* [Task to carry out]:
The answer is to be the lines below that lie between the line holding "造车新势力7月交付排名突变，蔚来受供应链制约落至第三" and the line holding "attachmentAV for WordPress", inclusive, transcribed exactly and free of pictures.

* [Exercise input]:
====

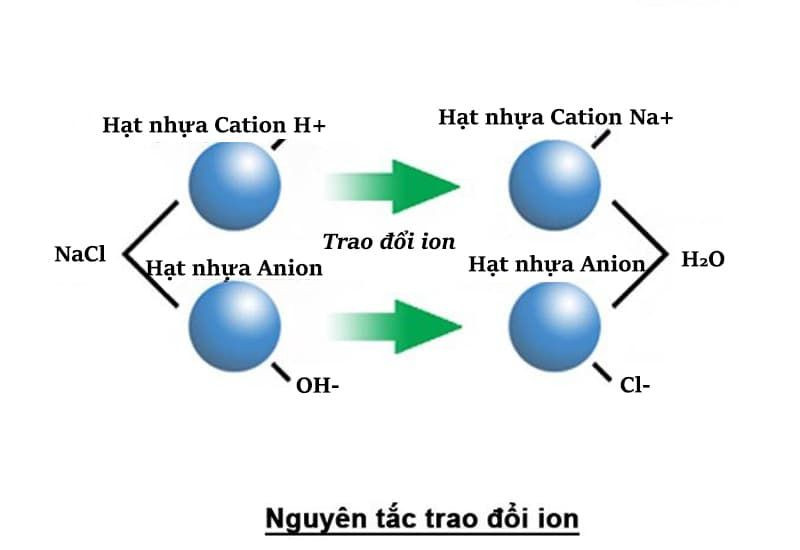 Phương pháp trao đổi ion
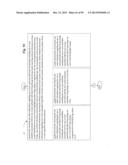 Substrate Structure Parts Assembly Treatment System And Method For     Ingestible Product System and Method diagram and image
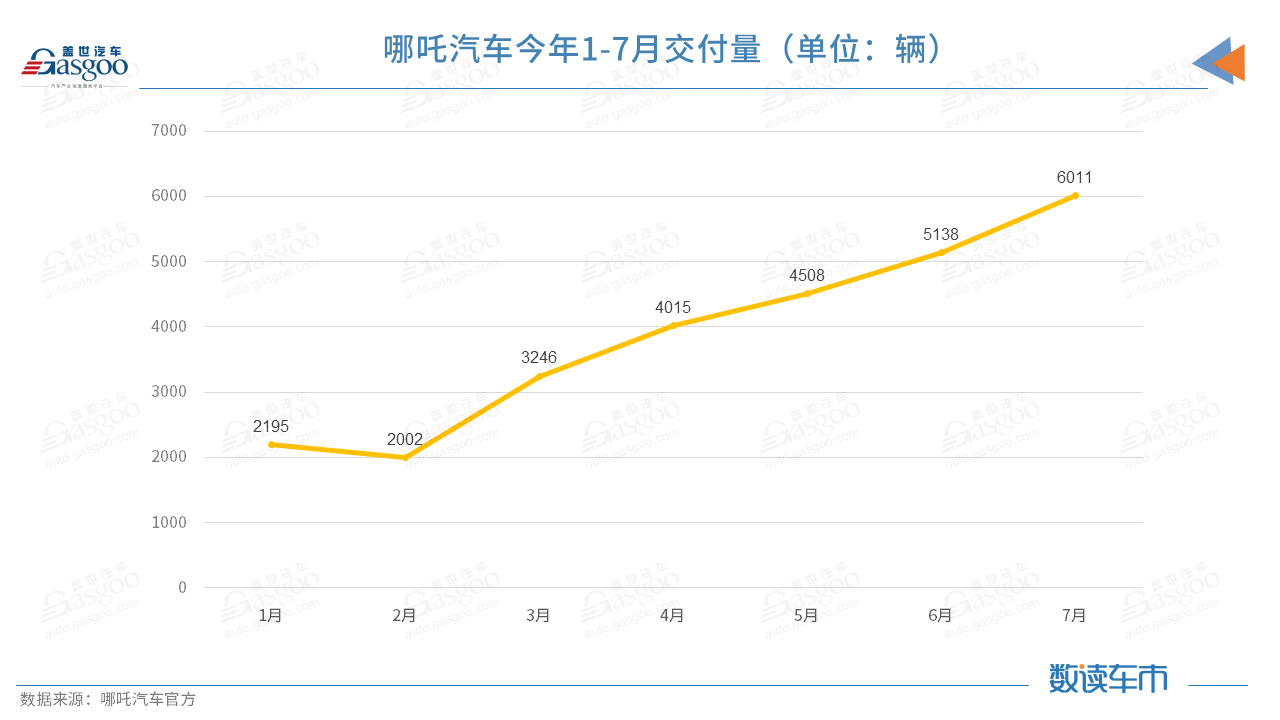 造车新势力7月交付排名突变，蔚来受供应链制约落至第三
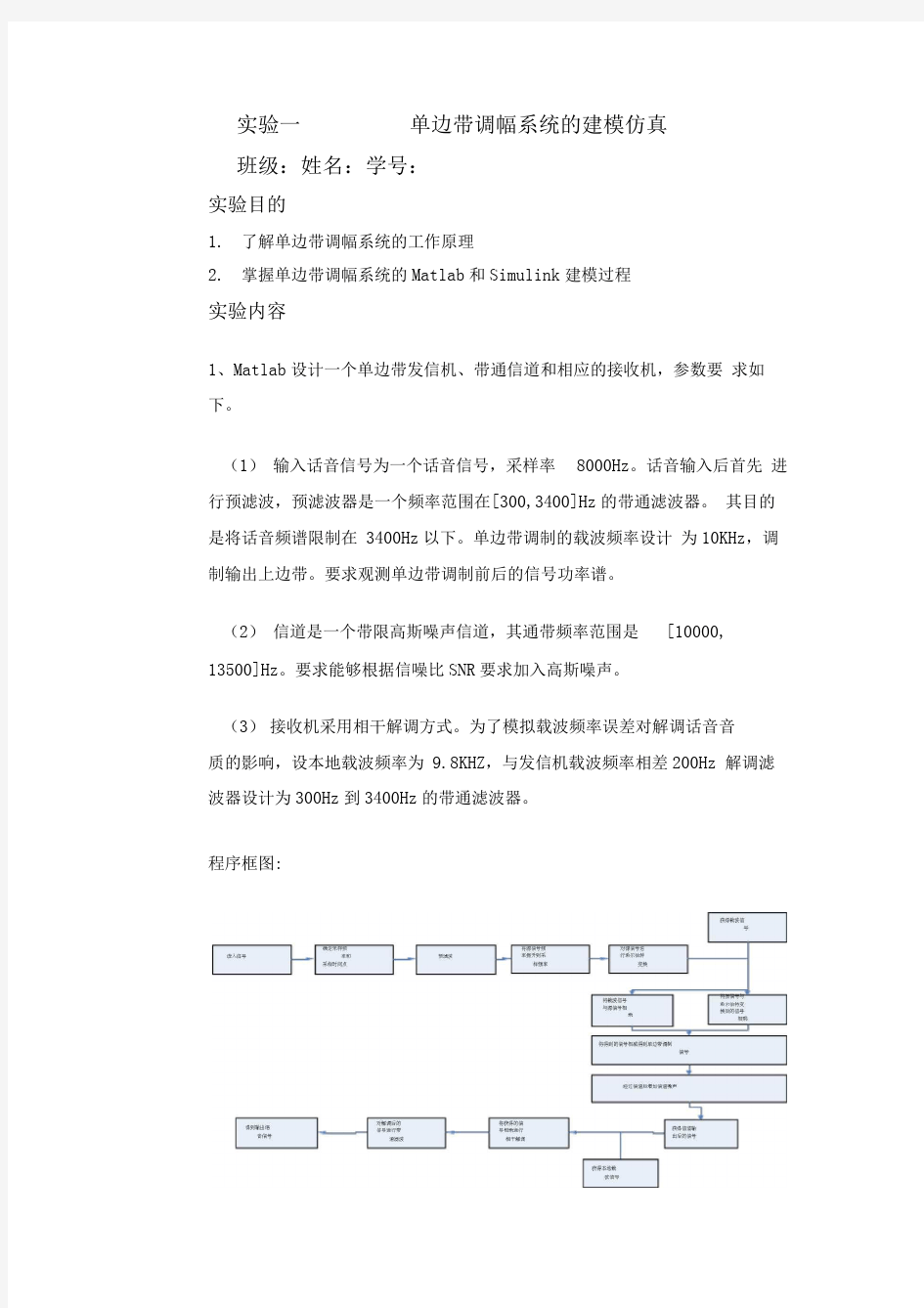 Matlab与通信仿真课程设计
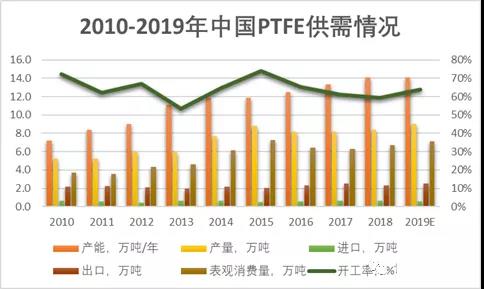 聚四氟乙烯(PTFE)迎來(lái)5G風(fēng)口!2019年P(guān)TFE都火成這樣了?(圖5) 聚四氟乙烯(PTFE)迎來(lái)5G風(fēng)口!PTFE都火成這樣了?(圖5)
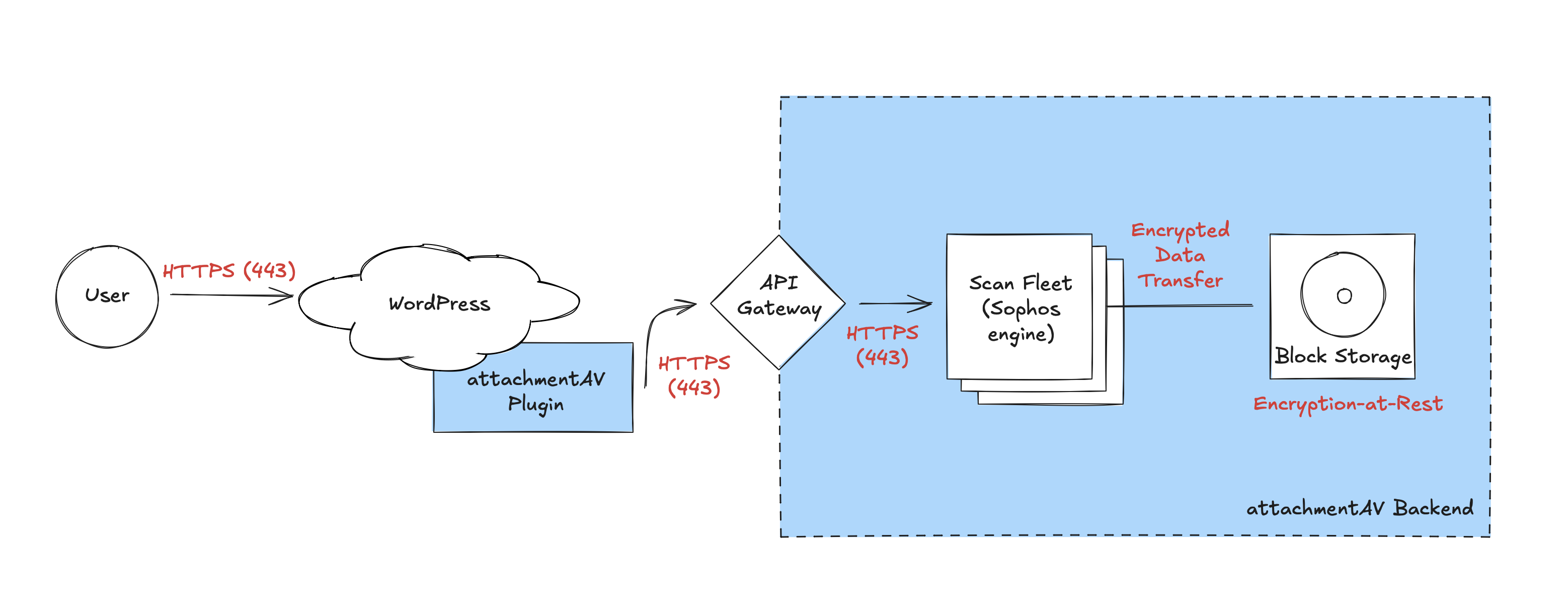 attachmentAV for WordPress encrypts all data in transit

====

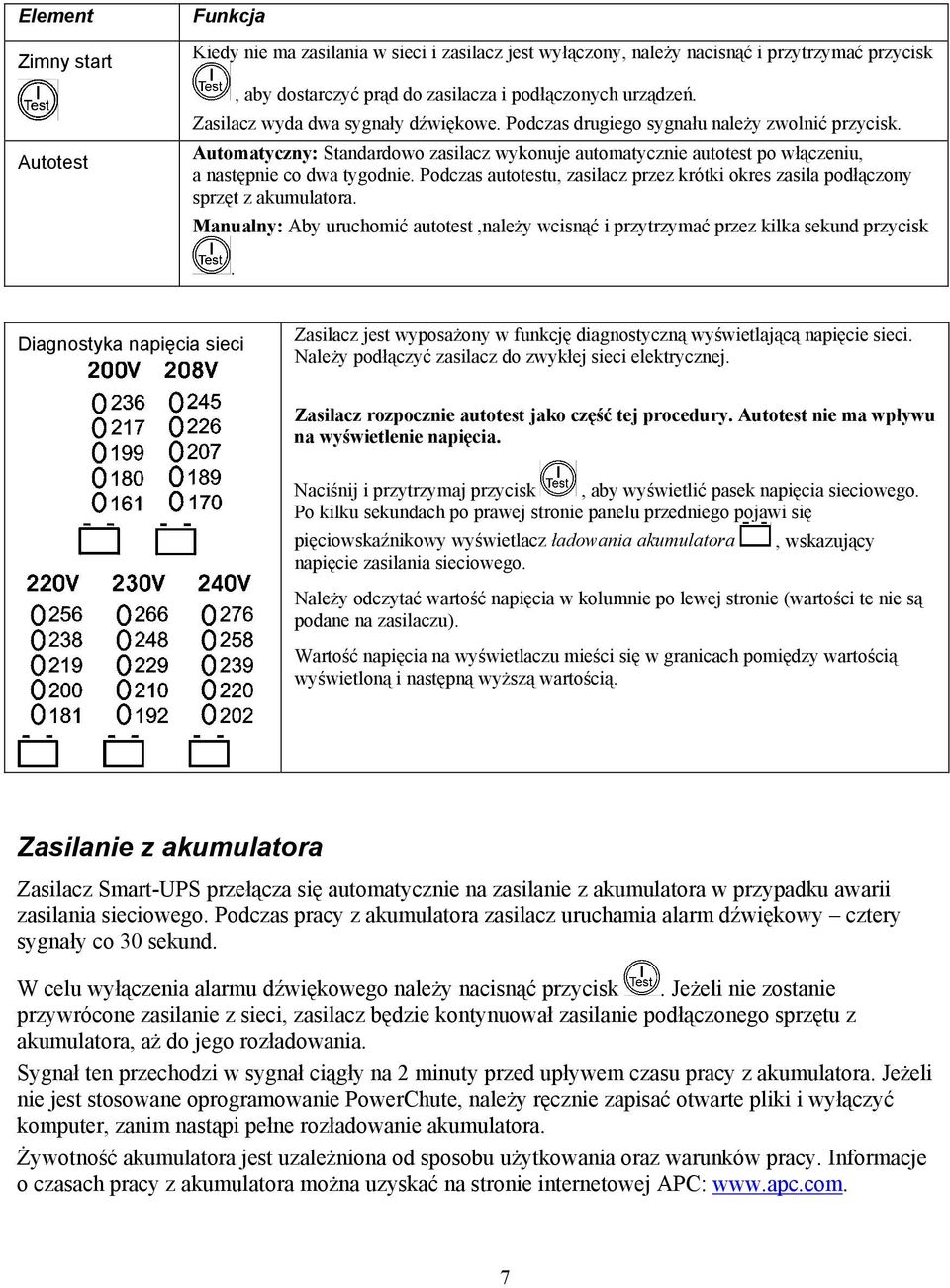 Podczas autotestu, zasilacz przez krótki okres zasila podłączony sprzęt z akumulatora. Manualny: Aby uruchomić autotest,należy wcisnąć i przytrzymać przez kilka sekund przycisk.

====

* [Task response]:
 造车新势力7月交付排名突变，蔚来受供应链制约落至第三
 Matlab与通信仿真课程设计
 聚四氟乙烯(PTFE)迎來(lái)5G風(fēng)口!2019年P(guān)TFE都火成這樣了?(圖5) 聚四氟乙烯(PTFE)迎來(lái)5G風(fēng)口!PTFE都火成這樣了?(圖5)
 attachmentAV for WordPress encrypts all data in transit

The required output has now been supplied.